The genes involved in the top two modules were further subjected to GO and KEGG enrichment analysis. GO and KEGG pathway analyses are two important bioinformatics tools that systematically provide insight into how DEGs, including hub genes, exert their biological functions. Therefore, the functions of DEGs in PTE may be predicted using those GO and KEGG pathway analyses. The genes in top module 1 were significantly enriched in the GO terms ‘macromolecule localization’, ‘response to organic substance’, ‘positive regulation of immune system process’, ‘plasma lipoprotein particle’, ‘lipoprotein particle’, ‘protein-lipid complex’, ‘low-density lipoprotein particle binding’, ‘lipoprotein particle binding’ and ‘protein-lipid complex binding’. In the KEGG pathway analysis, the terms ‘rheumatoid arthritis’, ‘malaria’ and ‘inflammatory bowel disease’ were significantly enriched (Table VII). The genes in top module 2 were mainly enriched in the GO terms ‘leukocyte activation’, ‘immune response’, ‘cell activation’, ‘myosin complex’, ‘external side of plasma membrane’, ‘myofibril, motor activity’, ‘calcium ion binding’ and ‘structural constituent of muscle’ and in the KEGG pathway terms ‘TLR signaling pathway’ and ‘rheumatoid arthritis’ (Table VIII). The enrichment analysis results for modules 1 and 2 are presented in Fig. 5. The common hub genes in the PPI network and those in modules 1 and 2 were TLR4, TLR2, IL-1β, JUN, PTGS2, SPP1 and ET-1. Boxplots indicating the expression levels are presented in Fig. 6.
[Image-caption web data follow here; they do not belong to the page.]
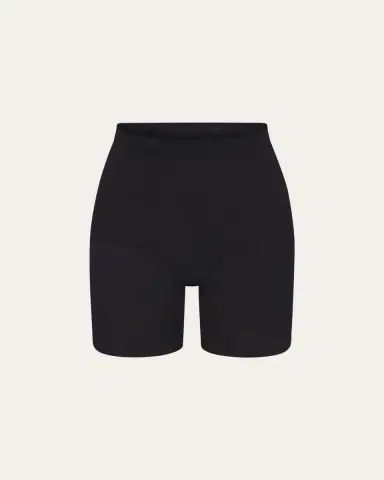 SKIMS Seamless Sculpt Mid-Thigh Shorts | Thumbnail 9 SKIMS Seamless Sculpt Mid-Thigh Shorts | Thumbnail 9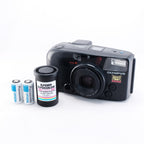 OLYMPUS IZM220（新品フィルム＆電池付き）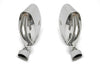 Porsche Maxflo Performance Exhaust System - 911 | 1995-1998 FS-POR-993-MAXNBR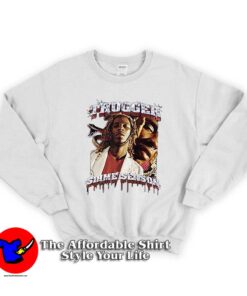 Thugger Slime Season Unisex Sweatshirt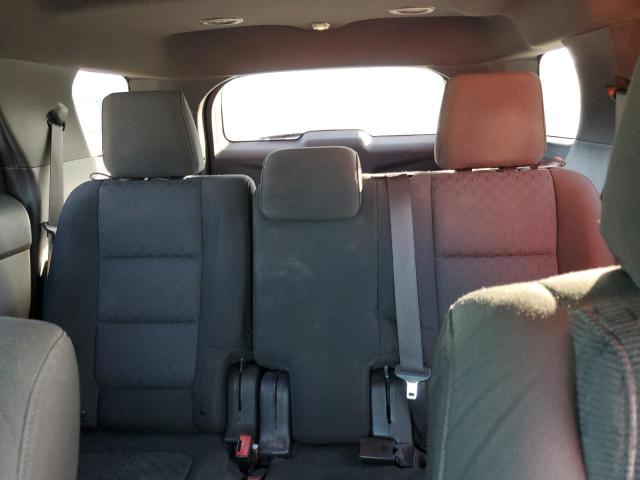 2013 FORD EXPLORER X #3303975688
Since the microarray dataset GSE84738 included data from a rabbit model of PTE, it was uncertain whether similar results were able to be obtained from human subjects with PTE. Therefore, the mRNA expression levels of the top seven DEGs were determined in patients with PTE and healthy controls using RT-qPCR analysis. There are no significant differences between the two groups in terms of age, sex distribution and BMI (Table SI). As presented in Fig. 7, the mRNA levels of TLR4, TLR2, IL-1β and SPP1 were significantly upregulated in patients with PTE compared with those in healthy controls. These results were consistent with those obtained by the bioinformatics analysis. The schema of the study is shown in Fig. 8.